Au-delà de Julian Assange, lutter contre le risque d’atteinte majeure aux libertés fondamentales des journalistes et lanceurs d’alertes

Il y a deux semaines maintenant, le tribunal londonien a rendu un avis en première instance sur l’extradition de Julian Assange aux États-Unis. Et pourtant, les questions restent pertinentes puisqu’il reste détenu en isolement total dans la prison de Belmarsh, une prison de très haute sécurité. On connaît le rapport d’Amnesty International et le rapport spécial des Nations Unies sur la torture, qui parle de torture psychologique dans le cas de Julian Assange et dans ce contexte de la prison de Belmarsh.

Ensuite, le risque d’extradition de Julian Assange vers les Étas-Unis reste une épée de Damoclès. Il est vraiment capital de rappeler ce qu’Amnesty International nous en dit. L’extradition de Julian Assange aurait véritablement de lourdes conséquences en termes de droits humains en établissant un précédent très dangereux pour la protection de toutes les personnes qui publient des informations classées secrètes dans l’intérêt public et dans ce cas-ci, lorsqu’il y a lieu de publier des informations sur de graves crimes de guerre.
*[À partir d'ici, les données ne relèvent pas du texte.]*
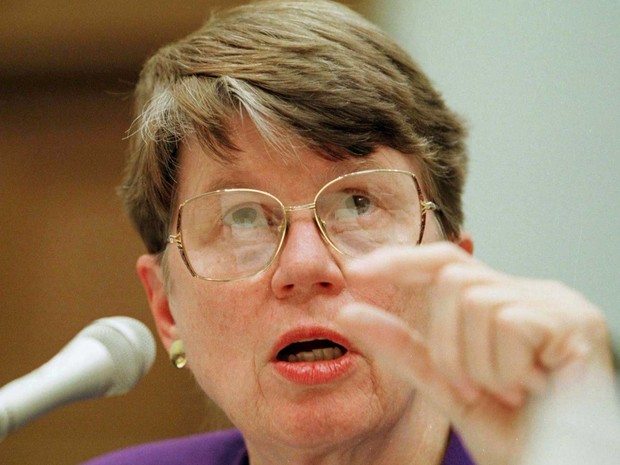 Janet Reno, que foi a 1ª mulher a assumir o cargo de secretária da Justiça nos Estados Unidos (Foto: Reuters)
C’est pourquoi j’ai interrogé la Ministre des Affaires étrangères, Sophie Wilmès, en lui demandant :

  • Comment la Belgique avait interpellé ou allait interpeller le gouvernement du Royaume-Uni et/ou des États-Unis sur les conditions de détention et le risque d’extradition de Julian Assange, en violation de l’article 3 de la CEDH ?
  • La Belgique a-t-elle entrepris des démarches, par exemple au Conseil de l’Europe puisqu’on parle ici de la Convention européenne des droits de l’homme et on sait que le Royaume-Uni en reste membre ?
  • Troisièmement, la Belgique pourrait-elle intervenir pour sortir Julian Assange de l’isolement et le faire placer d’urgence dans un établissement hospitalier pour y être soigné ?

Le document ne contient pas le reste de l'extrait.